What the task asks | Your task is to write out the complete listing exactly as it is shown.

Recorded data |
────────────────
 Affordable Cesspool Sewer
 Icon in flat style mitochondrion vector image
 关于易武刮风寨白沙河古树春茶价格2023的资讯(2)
────────────────
Response to the exercise |
 Affordable Cesspool Sewer
 Icon in flat style mitochondrion vector image
 关于易武刮风寨白沙河古树春茶价格2023的资讯(2)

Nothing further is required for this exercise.